As the Albemarle County Board of Supervisors prepares to hold three public hearings Wednesday night, citizens for the first time will be able to reserve their spot in advance using an online form.

“Instead of requiring people to come to the County Office Building and sign up several hours before a public hearing, they are able to sign up remotely and are no longer required to spend that time waiting around for the public hearing to begin,” said Albemarle spokeswoman Lee Catlin
 
Would-be speakers can begin signing up 24 hours prior to the beginning of the meeting.
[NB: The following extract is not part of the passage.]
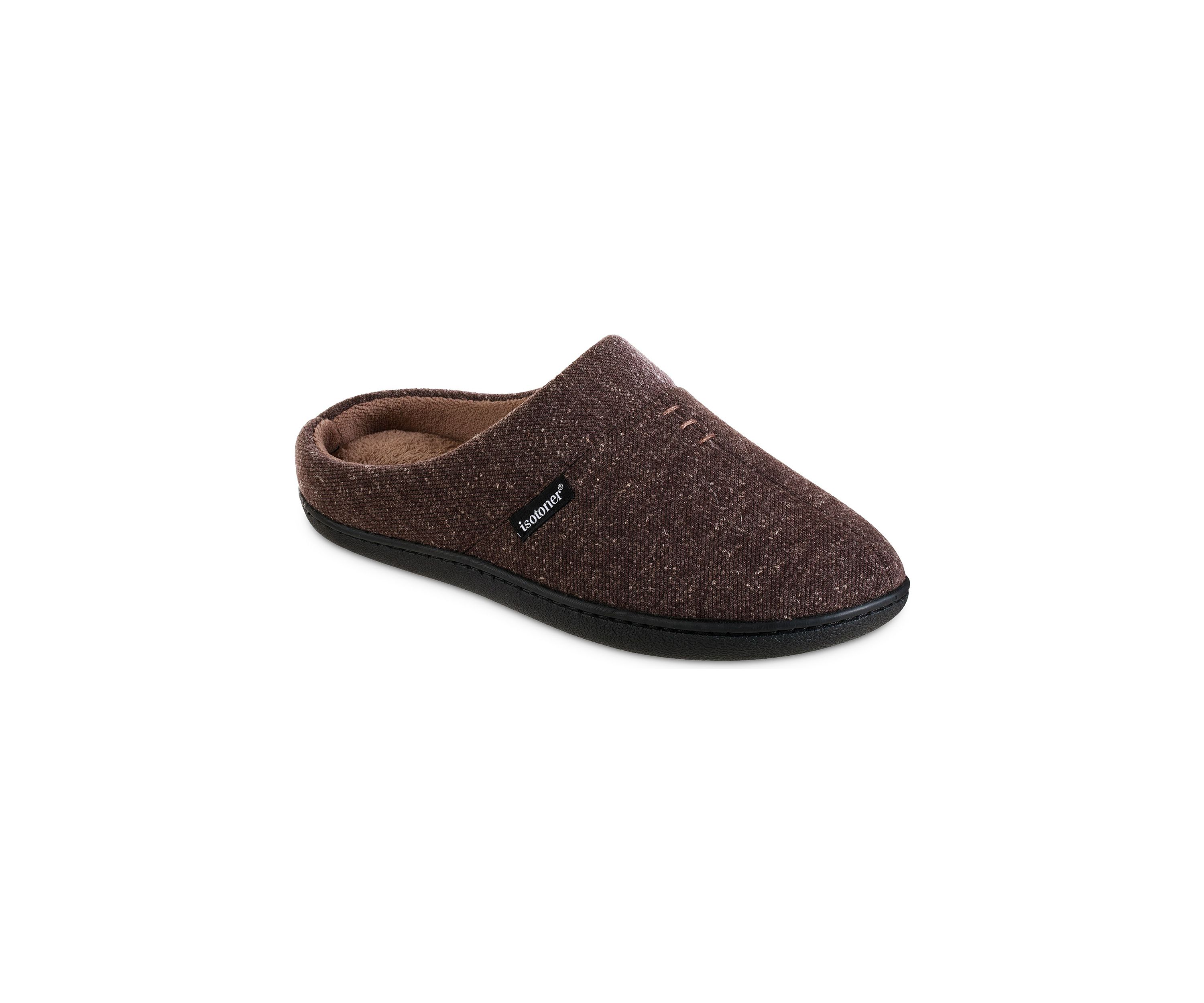 isotoner Mens Preston Heather Knit hoodback Slippers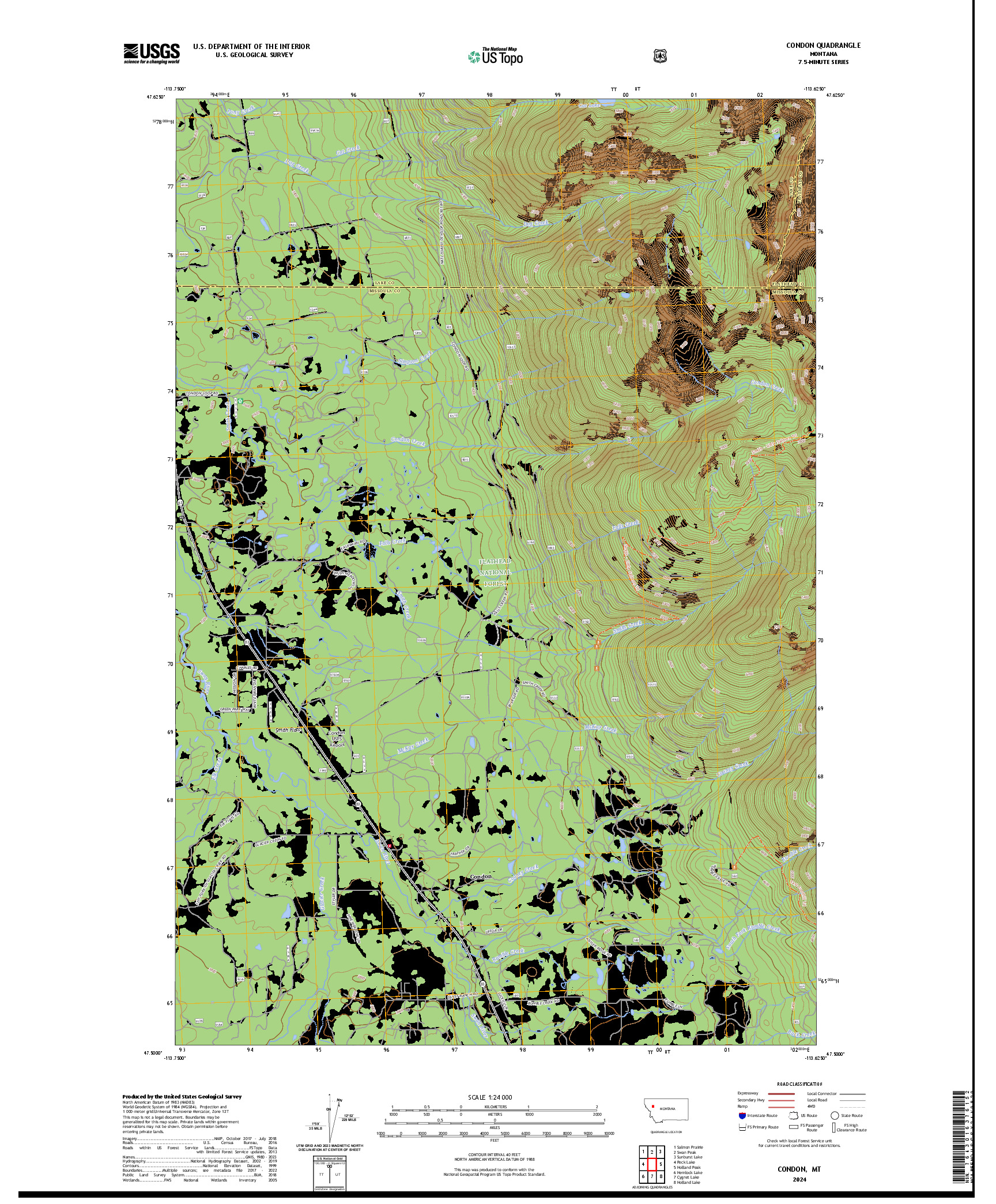 US TOPO 7.5-MINUTE MAP FOR CONDON, MT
Online registration ends at 3 p.m., three hours before the meeting starts.
 
Catlin said the experiment is the latest attempt to help make county government more accessible using the Internet.
 
“This is actually a continuation of introducing technology options into board meetings starting with podcasting several years ago, then moving to live audio-streaming several months ago,” Catlin said.
 
Catlin said that people would continue to have the opportunity to sign up in person using pen and paper.
 
When the public hearing is opened, board Chairwoman Ann H. Mallek will alternate between the online sign-up sheet and the physical one in order to ensure fairness.
 
“I don’t want people who register in advance to push out people who turn up in person, but perhaps alternating the online and in-person signup will work,” Mallek said.
 
Other supervisors also have expressed their support for the new option.
 
“I think it’s an excellent process enhancement,” said Supervisor Dennis S. Rooker. “It will eliminate the need for citizens to come to hearings hours before the meeting to sign up to speak when we have a topic for which significant public input is expected.”
 
“I believe it will be convenient and appreciated by many and I am all for it,” said Supervisor Duane E. Snow.
 
One frequent speaker at public hearings said he supports the experiment but remains cautious.
 
“We hope this experiment works well for the general public and is not abused by special-interest groups,” said Neil Williamson of the Free Enterprise Forum. “If it places regular citizens, who may or may not know of the online system, as second class citizens in the back of the line behind those organizations who may have created an email campaign to fill all of the speaking 
spots available, then it is a failure.”
 
Catlin said her staff has weighed the pros and con of allowing online sign-ups.
 
“There is the potential for people signing up online and then not showing up. We actually already have that possibility now with people signing up in advance and then leaving the meeting before their turn,” Catlin said. “If they don’t show up, we will simply skip them and go on down the list to the next person.”
 
The public hearings scheduled for this week include amending an ordinance to disallow open burning of trash and special-use permit hearings for two cell phone towers.
 
A fourth public hearing — to consider a special-use permit to allow for Castle Hill Cidery to hold events with as many as 3,000 attendees — has been postponed until January.